We also have open positions for Postdoctoral Fellows or staff scientists to work on ongoing projects. Feel free to get in touch to discuss potential opportunities!
We provide a vibrant work environment, with access to large-scale genomic datasets, high performance scientific computing facilities, seminar series, training workshops, local, national, and international conferences, funding opportunities, and mentorship resources.

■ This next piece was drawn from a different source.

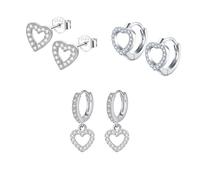 Epoch World 3 Paar 925 Sterling Silber Ohrringe Hängend Herz Creolen mit Anhänger Kreolen Ohrhänger mit Cubic Zirkonia Kleine Hypoallergen Tropfen Ohrringe Herz Silber Ohrstecker für Damen Mädchen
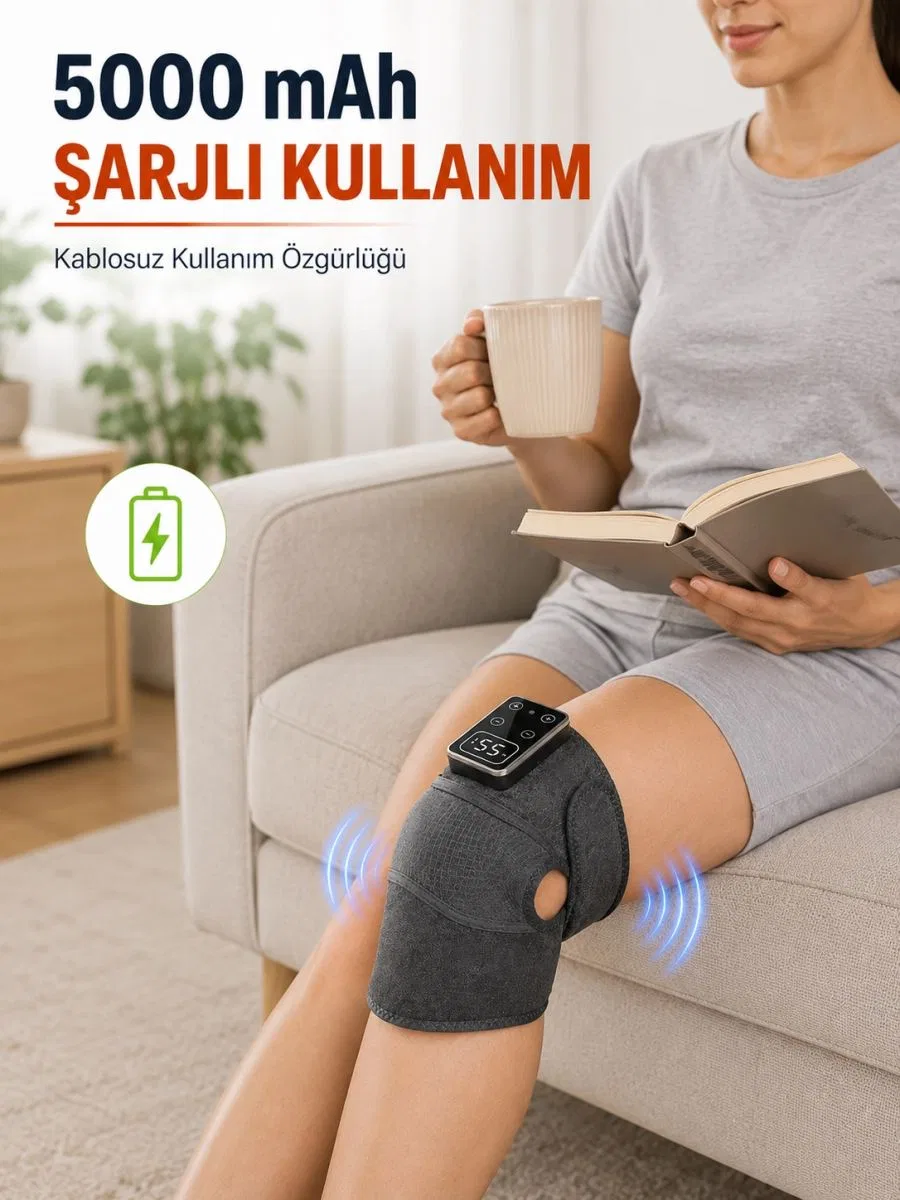Isıtmalı Ve Titreşimli Diz Masaj Aleti Şarjlı Dijital Ekranlı 5000 Mah Masaj Cihazı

The Mullins Lab is committed to fostering a culture that is welcoming and inclusive to diverse groups of individuals, and is passionate about supporting the development of team members scientifically and professionally. We offer competitive salaries and relocation assistance. The Icahn School of Medicine at Mount Sinai offers visa sponsorship, medical benefits, subsidized child care resources, and subsidized apartment rentals in Manhattan to Postdoctoral Fellows and their families.